Luciano Santos aponta que, com delimitação, a conduta do réu também será levada em conta, como a jurisprudência já fazia. “Vai ser decretada prisão preventiva para aquele que tumultuar o processo, como fugir ou ameaçar testemunhas. No caso da liberdade provisória, com a nova lei, surgiram as medidas cautelares. Antes não havia esse recurso. Era soltar ou prender”, diz, completando que, ainda que o crime seja grave, a Justiça vai levar em conta o comportamento do réu para conceder ou não liberdade provisória.
“Vai ser devastador para a segurança pública”, aposta José Vicente da Silva Filho, coronel da reserva da Polícia Militar de São Paulo e ex-secretário nacional de Segurança Pública. Ele acrescenta que a nova lei foi sancionada como forma de esvaziar os presídios. “Em vez de se pensar em prisões, ninguém vai mais preso no Brasil. Resolveram fazer poupança à custa da nossa segurança”, critica. Segundo destaca o juiz Narciso Alvarenga, crimes que têm pena máxima menor que quatro anos, como furto e até mesmo delitos de trânsito, vão ficar na impunidade. “Sabemos que as penas máximas no país não valem de nada. A aplicação é sempre para a pena mínima . Então, o que deveria ter sido mudado era o Código Penal, em que se poderia rever as penas para determinados delitos. Da forma como foi feito, será difícil prender qualquer pessoa no país.”
A preocupação maior , segundo alerta o desembargador José Osvaldo Furtado de Mendonça, da 6ª Câmara Criminal do Tribunal de Justiça de Minas Gerais (TJMG), é para as nove medidas cautelares que servirão como penas alternativas para o réu que não teve prisão preventiva. “Uma delas é o recolhimento domiciliar. A lei já prevê que, aquele que ficou em prisão domiciliar tem redução no tempo da pena. Se tivesse em prisão domiciliar, o criminoso Pimenta Neves já teria pago o que devia à Justiça”, compara, dizendo que a intenção para as mudanças foi boa. “Mas, essa legislação é para ser aplicada em país de primeiro mundo. Quem vai fiscalizar o réu que recebeu medidas cautelares? Quem vai fiscalizar as prisões domiciliares?

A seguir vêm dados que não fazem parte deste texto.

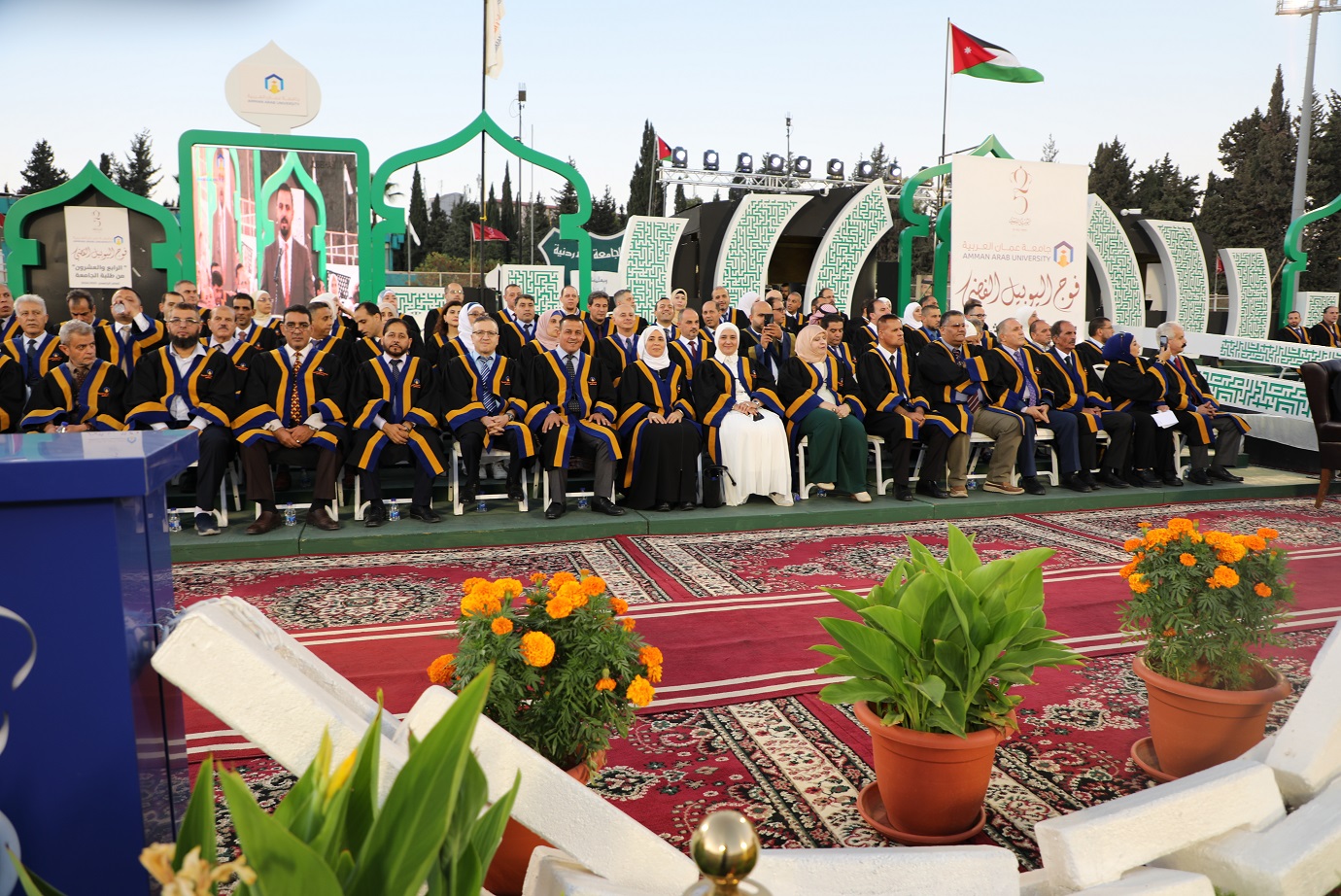 جامعة عمان العربية تزهو بخريجيها من فوج اليوبيل الفضي الرابع والعشرون10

Já para o desembargador Alexandre Vítor de Carvalho, da 5ª Câmara Criminal, o princípio básico da lei é louvável. “Vamos evitar prisões preventivas desnecessárias, como forma de não gerar aumento da população carcerária. Se uma pessoa entra, na parte da manhã, em sua casa, sem arrombar a porta, retira objetos, trata-se de um furto e ele responderá em liberdade, pois não houve violência e nem ameaça. Nesse caso, a pena é menor que quatro anos. Assim, a liberdade do acusado antes da condenação continua sendo a regra do jogo.” E garante não há motivos para alarde. “O problema que vejo na lei é que ela não específica o que será feito com o réu que não cumprir as medidas cautelares, uma vez que ele não poderá ser preso. Isso dá um descrédito à lei.”
Separados
O lado bom da mudança, como aponta Narciso Alvarenga, é que não será mais permitido pôr no mesmo lugar presos condenados e provisórios. “Antes, a lei dizia que, se possível, não era para deixá-los no mesmo recinto. Agora, foi proibido definitivamente. Mas o próprio Poder Executivo pode começar a infringir a lei desde o princípio. Por isso, a esperança do Estado não é construir presídios, mas reduzir a população provisória dentro deles.” Na opinião do desembargador José Osvaldo o lado bom é a medida cautelar que prevê a internação provisória do acusado em casos inimputável e semi-imputável . “Antes só podia internar com sentença transitada e julgada.“
O advogado Luciano Santos Lopes avisa: “A sociedade de forma geral pensa como vítimas, quer a prisão e punição imediata. Estamos no Estado democrático de direito, o processo para punir uma pessoa tem fases, enquanto ele não termina não pode considerar a pessoa culpada. Todos têm o direito de defesa.”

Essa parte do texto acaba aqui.